Iraq begins closure of displacement camps in Nineveh governorate

“Instead of forcing us to go back, the Iraqi government should work on providing us with livable environments.”

ERBIL (Kurdistan 24) – The Nineveh governorate administration on Sunday closed the Jadah Camp for Internally Displaced Persons (IDPs) days after the Namrood Camp in the province was shut.

The Iraqi Council of Ministers has said it supports the decision to close the camps in Nineveh and wants to shut down all the displacement camps within the borders of the governorate.

Mansour al-Mareed, the Governor of Mosul, who supervised the closure of the Namrood Camp, told local media on Sunday that displaced persons with alleged Islamic State affiliation were transferred to the Salamia Camp. Mareed denied any claims of human rights violations against the IDPs. 

A majority of the areas liberated from the so-called Islamic State are still in ruins with no basic services such as health facilities, electricity, or clean water.

Earlier this month, Iraq’s Ministry of Displacement and Migration (MoDM) denied any claims IDPs inside camps were being forcibly expelled to their homes without suitable living conditions and services.

However, the ones returning home say otherwise. A 47-year-old displaced man from Mosul, who was one of many forcibly moved back home from the Hassansham Camp, told local media his family of six live “on the ruins and rubbles of our collapsed house, without water and electricity.”

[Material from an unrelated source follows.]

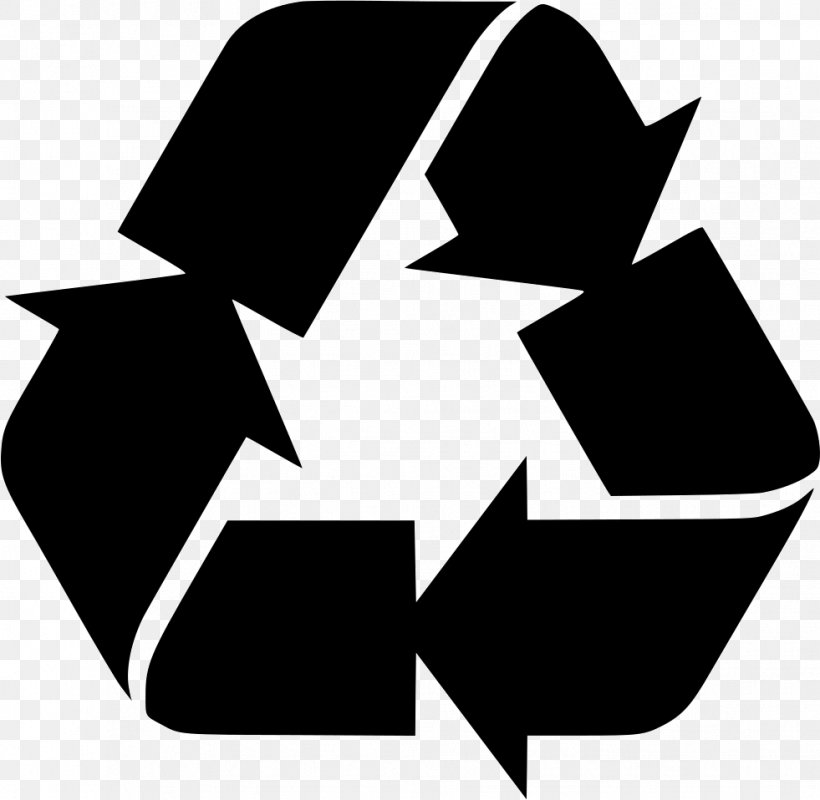Recycling Symbol Arrow, PNG, 981x958px, Recycling Symbol, Area, Black, Black And White, Logo Download Free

“I have no source of income; I don’t know what to do,” he added. “Instead of forcing us to go back, the Iraqi government should work on providing us with livable environments.”

Ali Abbas, director of the MoDM branch offices, said in an announcement that the Haj-Ali camp was going to shut down “in the coming days” after the IDPs return home. Abbas also noted that the Hamam al-Alil 1 and 2 camps would be merged.

There are 13 displacement camps in Nineveh governorate. The facilities were built for people who fled the threat of the Islamic state.

Last month, Iraq’s Council of Ministers decided to facilitate the return of all IDPs. Since then, hundreds of displaced families from camps have been moved to their hometowns, and many of these camps have been closed.

Iraq declared a “final victory” over the Islamic State in December 2017, three years after the militant group overran roughly a third of Iraq’s territory. Its fighters, however, continue to wage an insurgency in multiple provinces.

Iraqi officials have closed camps, forcing displaced residents to return to their liberated areas, where they then face acts of revenge by security forces or others who allege the families of having ties to the terror group.

A report Human Rights Watch (HRW) published in mid-June highlighted the experiences of displaced Iraqi families struggling to find a safe home.